De quoi Fukushima est-il le nom ? La question ne sera pas posée, mais c’est bien cette
interrogation qui émerge, au fil de la quinzaine d’entretiens et tables rondes composant Dans
l’œil du désastre. Superbement édité par Thierry Marchaisse et émaillé de reproductions ou
photographies en noir et blanc, l’ouvrage constitue un voyage au long cours dans la création
japonaise contemporaine post-Fukushima autant qu’une réflexion sur la place de l’art dans
nos sociétés. Donnant à entendre la parole d’« artistes visuels », pour reprendre l’expression
de Michaël Ferrier qui supervise le livre, les entretiens permettent d’entrer plus avant dans des
œuvres aux esthétiques parfois antipodiques, tels les vidéos du groupe trublion Chim↑Pom et
les sublimes daguerréotypes d’Arai Takashi. Plus politisés que leurs aînés, les créateurs sont
jeunes, nés pour beaucoup dans les années 70. La pertinence avec laquelle sont menés les
entretiens, en particulier les remarquables interventions de la philosophe Clélia Zernik,
contribue à la réussite de l’ouvrage.
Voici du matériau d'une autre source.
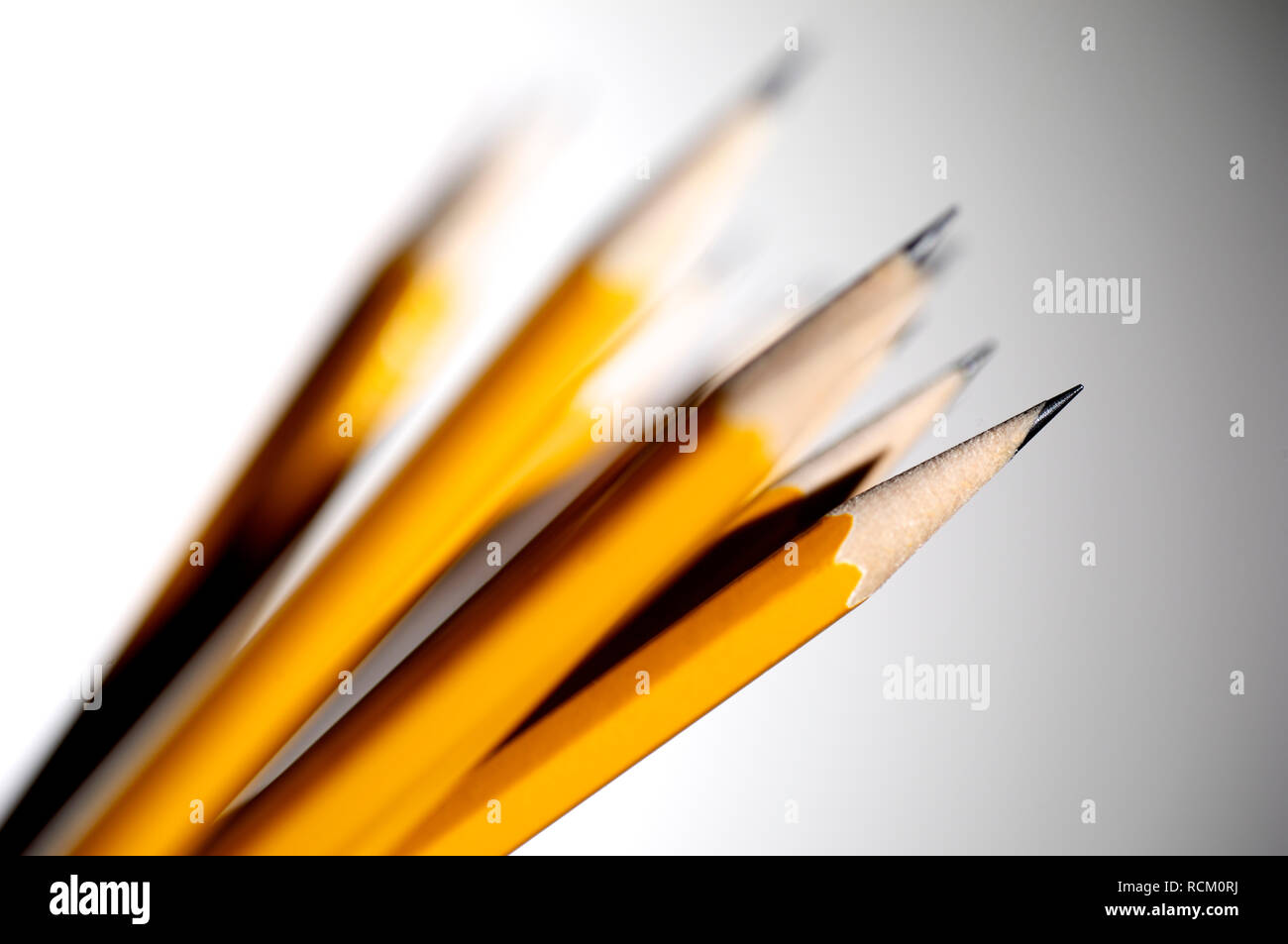 Yellow pencils, differential focus, close up, grey background Stock Photo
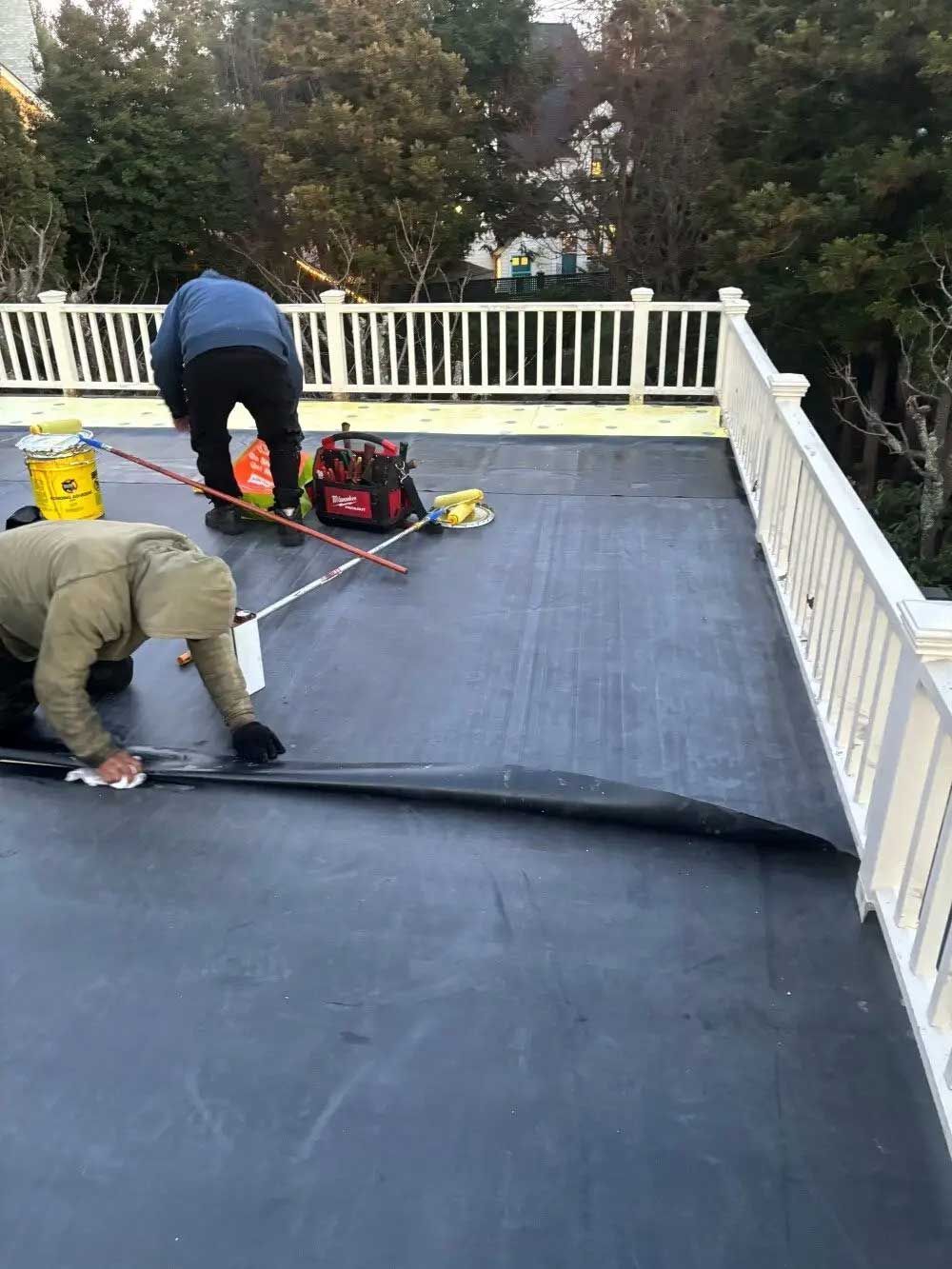 Two workers installing black roofing on a deck with white railings, one rolling out material and one crouching nearby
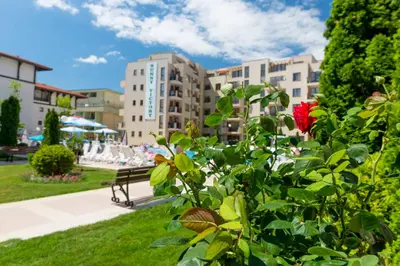a bush with a red flower in a park at TSB Sunny Victory in Sunny Beach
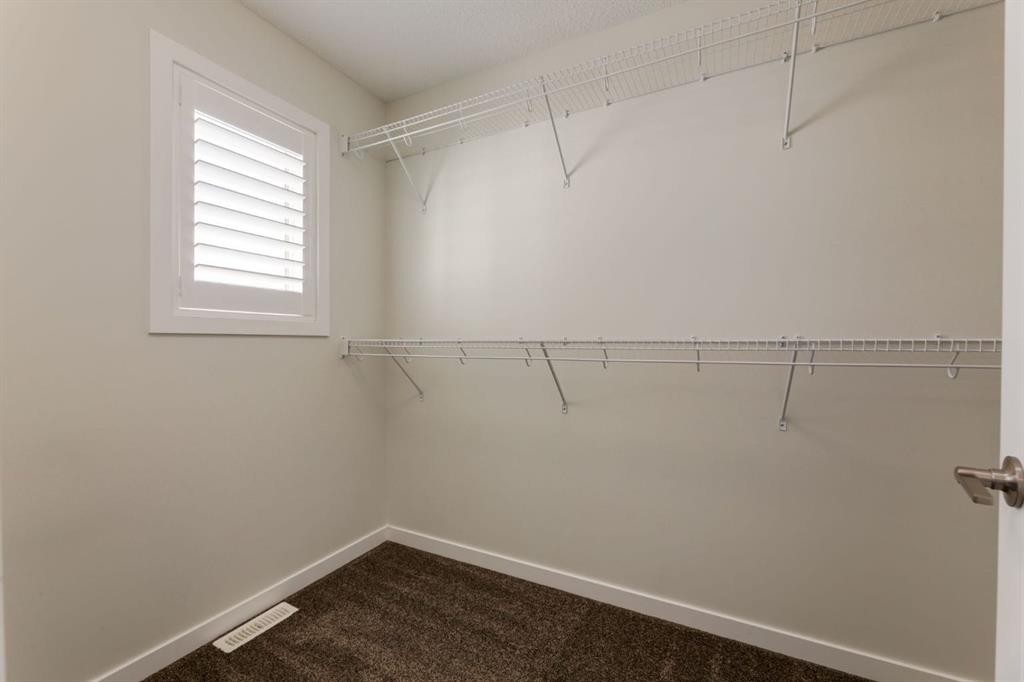 28 Masters Link Se, Calgary, AB - Indoor With Storage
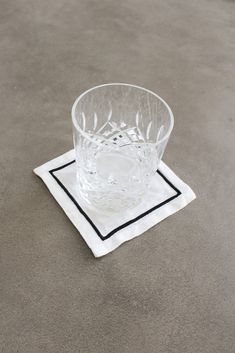 a clear glass on a black and white napkin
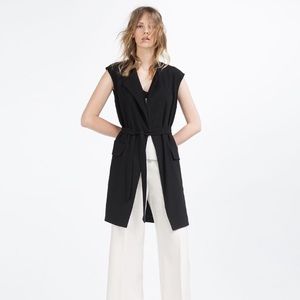 Black long sleeveless waistcoat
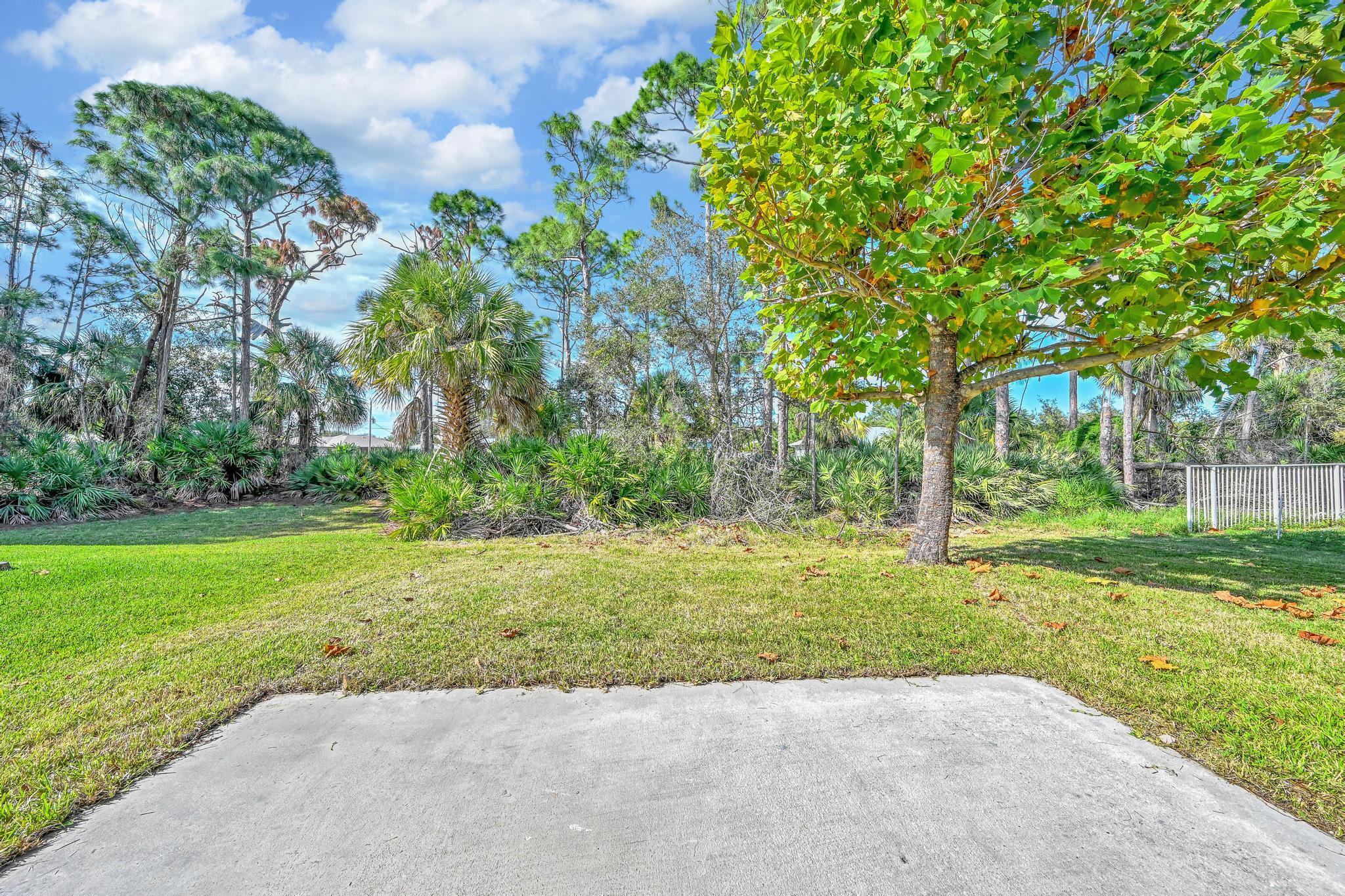 5557 Spanish River Road Fort Pierce, FL 34951 - Photo 28 of 28 a view of a yard with plants and trees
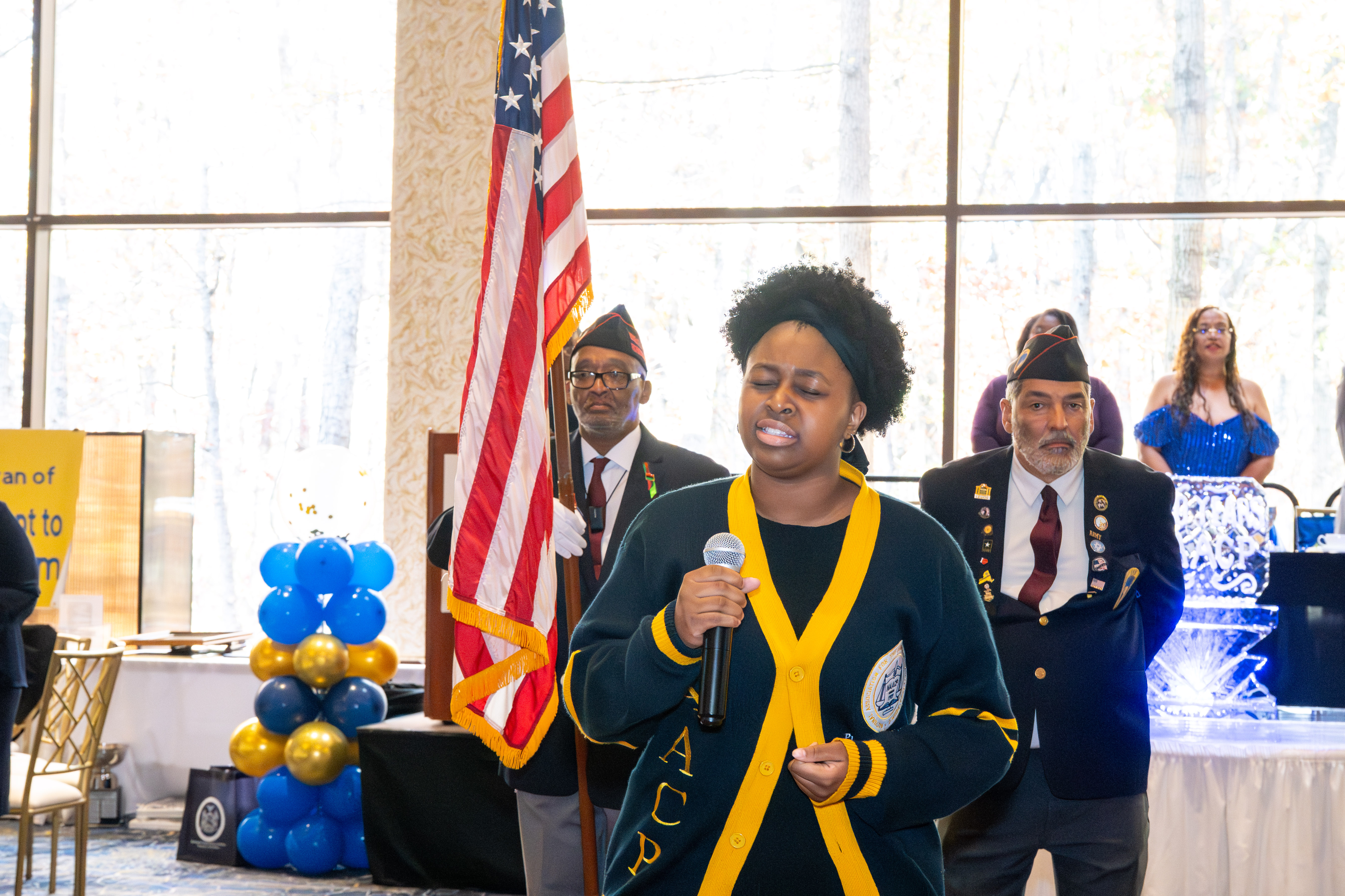 Xzayla Wilson, 16, sings the Negro National Anthem at the Staten Island NAACP’s Freedom Fund Luncheon held at Nicotra’s Ballroom at the Hilton Garden Inn on Saturday, November 8, 2025, in Bloomfield. The milestone event marked 100 years of service to the community. (Owen Reiter for the Advance/SILive.com)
Quelques questions répétées jusqu’au vertige (Existe-t-il
une génération d’artistes post-2011 ? Comment considérer l’organisation des futurs Jeux
Olympiques de Tokyo ? Quelle image la date du 11 mars fait-elle surgir ?) dégagent certaines
constantes, au milieu de réponses parfois très diverses : la plus frappante pour le lecteur
occidental est ce sentiment de vivre un cycle de destructions inlassablement recommencé,
inhérent à la nature physique du Japon et à sa situation tectonique ; au point, pour le critique
d’art Sawaragi Noi, de rendre inopérante dans l’archipel nippon la notion européenne de
beaux-arts. Dans ce chaos essentiel, œuvres et bâtiments s’effondrent ; la radioactivité, elle,
subsiste, sinistre signature de l’homme apposée sur le monde.